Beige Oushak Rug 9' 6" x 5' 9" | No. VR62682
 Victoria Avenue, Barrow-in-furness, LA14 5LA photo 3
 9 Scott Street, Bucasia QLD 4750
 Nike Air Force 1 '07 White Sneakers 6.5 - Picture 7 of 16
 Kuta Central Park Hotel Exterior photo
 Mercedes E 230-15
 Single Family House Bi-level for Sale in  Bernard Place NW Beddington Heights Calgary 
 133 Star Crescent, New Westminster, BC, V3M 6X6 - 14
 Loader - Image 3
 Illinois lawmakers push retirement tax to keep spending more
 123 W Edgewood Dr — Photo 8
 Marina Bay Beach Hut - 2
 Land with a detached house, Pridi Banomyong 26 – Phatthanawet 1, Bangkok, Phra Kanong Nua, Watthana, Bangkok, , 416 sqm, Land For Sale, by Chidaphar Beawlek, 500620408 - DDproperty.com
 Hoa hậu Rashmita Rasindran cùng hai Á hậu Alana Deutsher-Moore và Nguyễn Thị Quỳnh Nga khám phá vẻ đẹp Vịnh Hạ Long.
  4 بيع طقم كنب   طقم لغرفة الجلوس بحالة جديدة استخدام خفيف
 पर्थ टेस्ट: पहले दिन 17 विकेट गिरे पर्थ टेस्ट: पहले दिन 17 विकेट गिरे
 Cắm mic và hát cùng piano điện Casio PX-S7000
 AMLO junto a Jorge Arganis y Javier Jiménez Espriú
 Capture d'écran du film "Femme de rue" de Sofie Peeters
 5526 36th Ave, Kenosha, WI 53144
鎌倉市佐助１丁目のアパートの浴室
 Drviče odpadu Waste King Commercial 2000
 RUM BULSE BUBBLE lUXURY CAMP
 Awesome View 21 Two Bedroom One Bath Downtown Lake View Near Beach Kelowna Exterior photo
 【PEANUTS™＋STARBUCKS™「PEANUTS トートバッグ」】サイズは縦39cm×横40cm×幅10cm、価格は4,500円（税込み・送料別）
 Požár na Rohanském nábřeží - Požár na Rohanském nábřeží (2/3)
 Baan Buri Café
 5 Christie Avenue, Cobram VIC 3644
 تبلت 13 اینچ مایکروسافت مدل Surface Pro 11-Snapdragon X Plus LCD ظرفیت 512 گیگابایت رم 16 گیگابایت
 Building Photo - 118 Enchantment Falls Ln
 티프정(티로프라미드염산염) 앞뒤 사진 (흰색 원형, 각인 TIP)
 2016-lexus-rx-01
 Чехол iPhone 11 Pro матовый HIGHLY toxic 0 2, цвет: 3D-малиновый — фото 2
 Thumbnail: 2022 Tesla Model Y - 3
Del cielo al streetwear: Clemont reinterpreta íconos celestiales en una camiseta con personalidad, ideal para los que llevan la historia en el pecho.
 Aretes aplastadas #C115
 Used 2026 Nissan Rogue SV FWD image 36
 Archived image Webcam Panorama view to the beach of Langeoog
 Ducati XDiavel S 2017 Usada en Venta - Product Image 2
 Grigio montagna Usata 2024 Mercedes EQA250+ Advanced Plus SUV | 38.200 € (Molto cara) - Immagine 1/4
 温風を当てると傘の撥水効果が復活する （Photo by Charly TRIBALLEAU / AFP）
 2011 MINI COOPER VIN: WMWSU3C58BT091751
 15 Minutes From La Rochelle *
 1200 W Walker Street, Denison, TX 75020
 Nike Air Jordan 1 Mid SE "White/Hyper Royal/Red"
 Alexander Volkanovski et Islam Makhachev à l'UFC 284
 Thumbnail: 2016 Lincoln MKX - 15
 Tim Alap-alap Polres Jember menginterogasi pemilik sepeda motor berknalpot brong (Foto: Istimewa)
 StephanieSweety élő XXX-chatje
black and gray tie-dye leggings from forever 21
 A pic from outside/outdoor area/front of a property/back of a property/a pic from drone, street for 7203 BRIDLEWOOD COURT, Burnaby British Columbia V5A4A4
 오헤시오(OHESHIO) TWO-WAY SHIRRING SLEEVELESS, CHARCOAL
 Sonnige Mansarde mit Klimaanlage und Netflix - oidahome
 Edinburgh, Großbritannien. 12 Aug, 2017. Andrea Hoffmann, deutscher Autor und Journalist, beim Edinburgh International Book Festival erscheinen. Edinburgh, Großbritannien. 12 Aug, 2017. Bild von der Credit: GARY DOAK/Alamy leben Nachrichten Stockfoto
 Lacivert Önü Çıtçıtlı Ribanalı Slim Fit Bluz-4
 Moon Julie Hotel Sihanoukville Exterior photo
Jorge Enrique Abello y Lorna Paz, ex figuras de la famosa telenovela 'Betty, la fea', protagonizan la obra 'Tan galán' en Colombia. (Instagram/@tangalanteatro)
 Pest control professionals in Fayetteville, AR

### WHAT TO WORK ON
Return word for word the line with "2011 MINI COOPER VIN: WMWSU3C58BT091751" and every line after it through the end of the records above.

### EXERCISE RESULT
 2011 MINI COOPER VIN: WMWSU3C58BT091751
 15 Minutes From La Rochelle *
 1200 W Walker Street, Denison, TX 75020
 Nike Air Jordan 1 Mid SE "White/Hyper Royal/Red"
 Alexander Volkanovski et Islam Makhachev à l'UFC 284
 Thumbnail: 2016 Lincoln MKX - 15
 Tim Alap-alap Polres Jember menginterogasi pemilik sepeda motor berknalpot brong (Foto: Istimewa)
 StephanieSweety élő XXX-chatje
black and gray tie-dye leggings from forever 21
 A pic from outside/outdoor area/front of a property/back of a property/a pic from drone, street for 7203 BRIDLEWOOD COURT, Burnaby British Columbia V5A4A4
 오헤시오(OHESHIO) TWO-WAY SHIRRING SLEEVELESS, CHARCOAL
 Sonnige Mansarde mit Klimaanlage und Netflix - oidahome
 Edinburgh, Großbritannien. 12 Aug, 2017. Andrea Hoffmann, deutscher Autor und Journalist, beim Edinburgh International Book Festival erscheinen. Edinburgh, Großbritannien. 12 Aug, 2017. Bild von der Credit: GARY DOAK/Alamy leben Nachrichten Stockfoto
 Lacivert Önü Çıtçıtlı Ribanalı Slim Fit Bluz-4
 Moon Julie Hotel Sihanoukville Exterior photo
Jorge Enrique Abello y Lorna Paz, ex figuras de la famosa telenovela 'Betty, la fea', protagonizan la obra 'Tan galán' en Colombia. (Instagram/@tangalanteatro)
 Pest control professionals in Fayetteville, AR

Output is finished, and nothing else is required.